Parenting teenagers has its ups and downs. Get advice from Mumsnetters here.

Please come and talk to me, 13 year old dd

107 replies

abyssiniam8 · 03/08/2015 07:32

Just so that I don't dripfeed, dd just turned 13 two weeks ago. Lovely child, never a days problem with her. She does well at school, is popular, sporty etc. Since her birthday, she has changed quite a bit.

Little things really, but noticeable. Last week she wanted a Macdonalds burger after school. I said no as I didn't have time to go there, and really we don't eat Macdonalds all that often, so I was quite unusual for her to ask for one. The meltdown that took place when I said no was just ridiculous. It was not because she was starving hungry as when we got home (straight from school so she didn't even have to wait more than 10 minutes for something to eat) as I made her a sandwich and she didn't eat it.

She has also recently met with some kids from the area and they hang out at weekends. One of these is a boy who is 16. I think that he quite fancies her. He seems a nice kid, he has been to our house before as we do know his parents (not well, but to say hello and have a chat etc).

She is a fantastic dancer and for the next few weeks is dancing in competitions which she has worked hard for. She loves to dance and it is her thing, its not something I have pushed her to do, its is by choice.

So yesterday as practise I videoed her so that she can see and work on anything, quite a normal thing for us to do.

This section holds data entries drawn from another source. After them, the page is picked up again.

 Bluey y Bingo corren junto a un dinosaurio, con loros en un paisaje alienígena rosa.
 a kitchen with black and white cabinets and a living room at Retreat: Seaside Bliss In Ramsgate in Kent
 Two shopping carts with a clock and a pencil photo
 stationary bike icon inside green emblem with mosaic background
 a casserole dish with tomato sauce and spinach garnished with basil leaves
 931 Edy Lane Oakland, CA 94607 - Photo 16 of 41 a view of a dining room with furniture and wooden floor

THis morning I got her phone to transfer the videos onto my computer so that she can see it on the bigger screen later today, this also is quite a normal thing for us to do. So imagine my shock this morning, when I go into her videos and last night at 11pm she and this boy have been sharing videos of themselves..... naked, him wanking and her lying in bed naked and touching herself.

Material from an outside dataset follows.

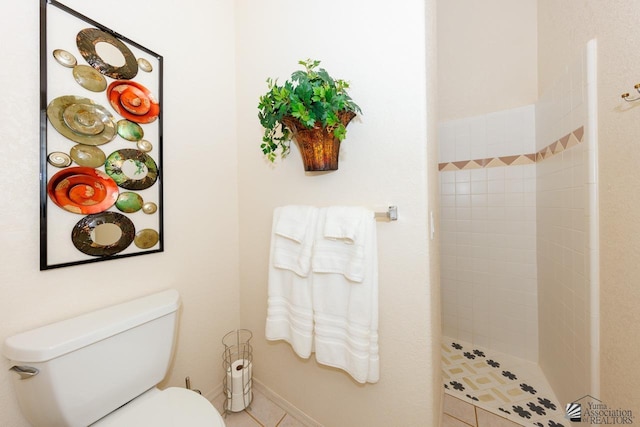 bathroom with tiled shower, tile patterned floors, and toilet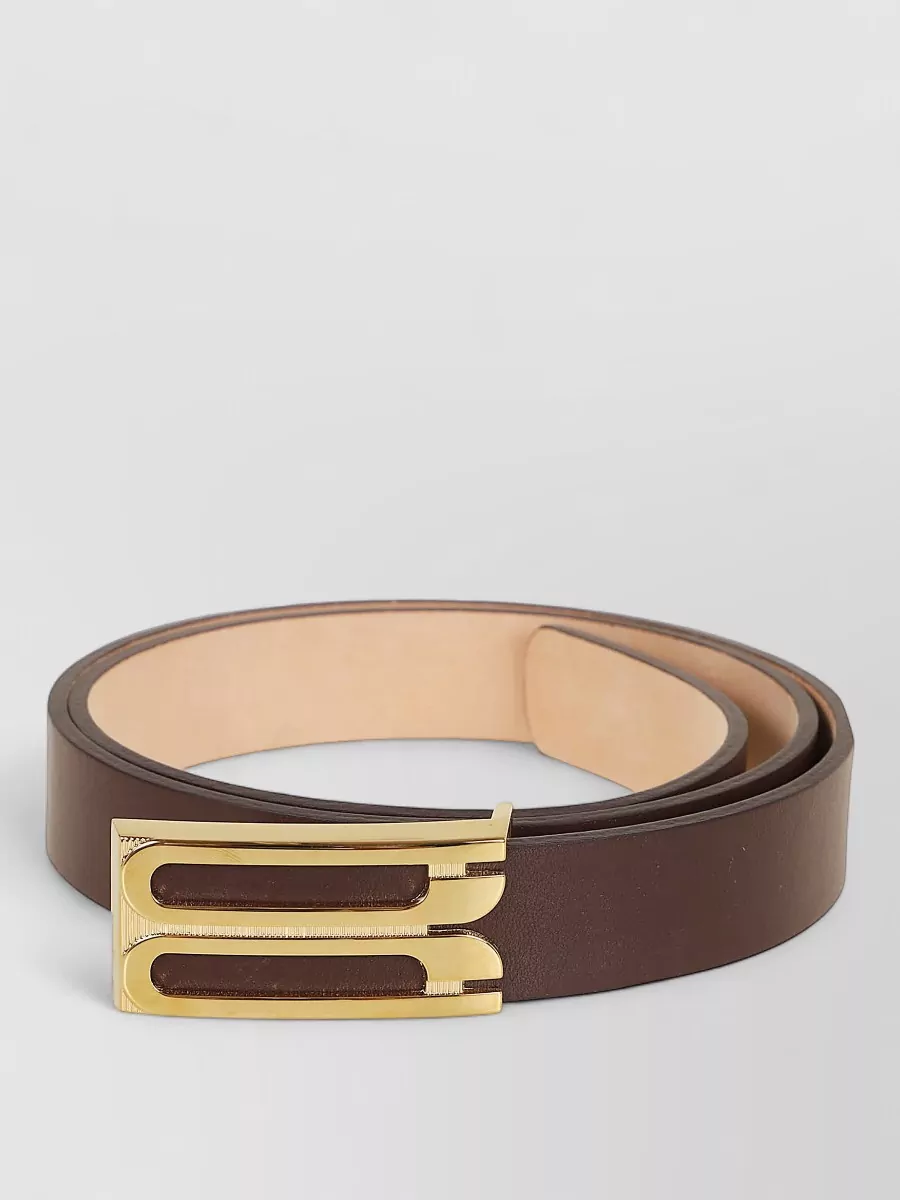 Victoria Beckham Leather belt — The slim chocolate Victoria Beckham belt quietly defines the waist over or through the corduroy, refining the tailored line without breaking the monochrome effect.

I can honestly tell you that I am floored! I am so upset. I know some will say she is 13 and exploring herself etc etc, and its normal. But this isn't normal for her. She hasn't really had any interests in boyfriends until this. I then went on to read the whatsapp messages, and the things he is saying to her are just unbelievable. She is just a young girl, and its like he is grooming her. You are so beautiful, i love your eyes, your hair, you make me horny, show me your breasts etc etc. I am sitting here crying, I am just so incredibly upset right now.

I wasn't happy about her hanging around with the boy to be honest, he is quite a bit older (i have a son of 16 too so I do know what they are like), and although she has told me she hasn't seen him, its quite clear they have been in contact a lot on the phone.....

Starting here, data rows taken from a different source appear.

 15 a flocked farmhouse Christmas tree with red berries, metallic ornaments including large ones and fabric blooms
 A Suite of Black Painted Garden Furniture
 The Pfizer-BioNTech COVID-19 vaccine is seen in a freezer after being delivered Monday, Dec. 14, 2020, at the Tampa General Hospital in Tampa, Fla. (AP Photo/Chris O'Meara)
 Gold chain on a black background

I don't have anyone to talk to this about, if I said anything dh, this will not end well. He is not a calm person (which I am moreso) and if he finds out I hate to think what he would do. It just better if he doesn't know quite frankly.

So I have now turned off her phone and put it away and I am going to remove her phone from her. I cannot even talk to her about this until much later today, as she is dancing in comp after school, so I really cant let anything show beforehand. The competition is very important to her.

Please can anyone just chat to me.

OP posts:
BabyGanoush · 04/08/2015 21:28

I think you handled it well.

Northernlurker's advice was the best IMO.

NewOrleansGirl · 04/08/2015 22:20

imperialblether I am unclear of the basis of your criticism. Have you read the Sentencing Guideline for possession of indecent photograph of a child or making indecent photographs of children under CJA 1988 and PCA 1978? These offences carry severe penalties including orders such as SOPOs. I do not agree they should be applied to a child but the law says they do apply to anyone over the age of criminal responsibility. When a report is made to the police they take over. I have seen victims of serious sexual offences be prosecuted by heavy handed police who care about statistics and "solving" crimes. I don't agree with it but it is naive to pretend it doesn't happen and encourage the OP to believe the police would only help her daughter and criminalise one of the children involved in this because he happens to have a penis.

NewOrleansGirl · 04/08/2015 22:44

If anyone is interested the Association of Chief Police Officers had to issue guidance as they were aware of police forces focusing on prosecuting children rather than dealing with safeguarding issues. The guidance which advocates not following this approach can be found here www.ceop.police.uk/Documents/ceopdocs/externaldocs/ACPO_Lead_position_on_Self_Taken_Images.pdf

ImperialBlether · 04/08/2015 22:48

NewOrleansGirl, you have really seen 13 year old victims of grooming prosecuted for sending images of themselves to the person who's grooming them? If the child is telling the police a crime has been committed, why are they then prosecuted themselves?

This is not a situation where a woman says she's been raped and is then prosecuted for lying about it. The OP clearly states that the phone records show her daughter is being groomed and persuaded into sending photographs of herself. She is a month off 12 years old.

I don't believe that if the OP reported this to the police, that her daughter would be charged.

ImperialBlether · 04/08/2015 22:51

Yes, 2.4 clearly states:

As per Department for Education guidance, the focus of investigations should not be on the behaviour of children who have been the victims of abuse or exploitation but on the adult offenders who ‘coerce, exploit, and abuse children and young people’1.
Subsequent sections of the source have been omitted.